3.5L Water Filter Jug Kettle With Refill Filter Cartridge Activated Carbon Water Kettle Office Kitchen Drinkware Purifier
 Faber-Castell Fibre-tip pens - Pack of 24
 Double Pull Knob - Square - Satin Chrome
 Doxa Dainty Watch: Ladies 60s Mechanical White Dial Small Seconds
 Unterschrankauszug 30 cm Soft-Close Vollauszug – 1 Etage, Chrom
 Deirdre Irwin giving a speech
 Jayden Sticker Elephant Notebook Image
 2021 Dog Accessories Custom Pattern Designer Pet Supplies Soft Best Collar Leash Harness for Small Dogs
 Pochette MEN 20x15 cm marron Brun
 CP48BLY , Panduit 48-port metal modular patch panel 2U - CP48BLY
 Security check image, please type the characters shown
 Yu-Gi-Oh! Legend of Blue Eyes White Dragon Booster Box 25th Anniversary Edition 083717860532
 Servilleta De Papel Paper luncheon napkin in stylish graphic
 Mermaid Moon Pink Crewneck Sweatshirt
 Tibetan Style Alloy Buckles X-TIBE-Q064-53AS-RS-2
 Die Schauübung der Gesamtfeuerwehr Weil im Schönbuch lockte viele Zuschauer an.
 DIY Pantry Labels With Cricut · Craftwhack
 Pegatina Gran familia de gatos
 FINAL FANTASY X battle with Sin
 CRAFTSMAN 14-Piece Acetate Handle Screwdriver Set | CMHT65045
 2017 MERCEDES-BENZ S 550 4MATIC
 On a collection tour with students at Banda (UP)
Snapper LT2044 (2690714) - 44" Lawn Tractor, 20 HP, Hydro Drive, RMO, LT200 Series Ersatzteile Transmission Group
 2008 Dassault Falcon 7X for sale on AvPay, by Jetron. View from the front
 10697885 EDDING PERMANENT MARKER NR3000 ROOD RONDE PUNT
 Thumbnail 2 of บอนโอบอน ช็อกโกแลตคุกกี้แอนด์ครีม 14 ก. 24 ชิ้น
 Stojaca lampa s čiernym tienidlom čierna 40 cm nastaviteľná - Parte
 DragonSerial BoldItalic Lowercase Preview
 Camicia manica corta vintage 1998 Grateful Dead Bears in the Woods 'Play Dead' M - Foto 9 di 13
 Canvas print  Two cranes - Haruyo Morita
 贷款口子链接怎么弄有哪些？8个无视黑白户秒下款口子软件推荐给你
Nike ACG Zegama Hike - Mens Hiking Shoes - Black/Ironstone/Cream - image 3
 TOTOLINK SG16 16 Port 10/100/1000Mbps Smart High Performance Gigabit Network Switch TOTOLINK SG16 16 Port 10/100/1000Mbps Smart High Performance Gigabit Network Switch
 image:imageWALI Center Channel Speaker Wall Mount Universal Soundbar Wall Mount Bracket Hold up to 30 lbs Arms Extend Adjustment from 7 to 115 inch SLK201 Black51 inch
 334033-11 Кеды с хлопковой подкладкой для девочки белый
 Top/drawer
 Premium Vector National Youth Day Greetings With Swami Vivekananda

════

Please show each line in the records above that contains "from".

EXERCISE RESPONSE:
 2008 Dassault Falcon 7X for sale on AvPay, by Jetron. View from the front
 image:imageWALI Center Channel Speaker Wall Mount Universal Soundbar Wall Mount Bracket Hold up to 30 lbs Arms Extend Adjustment from 7 to 115 inch SLK201 Black51 inch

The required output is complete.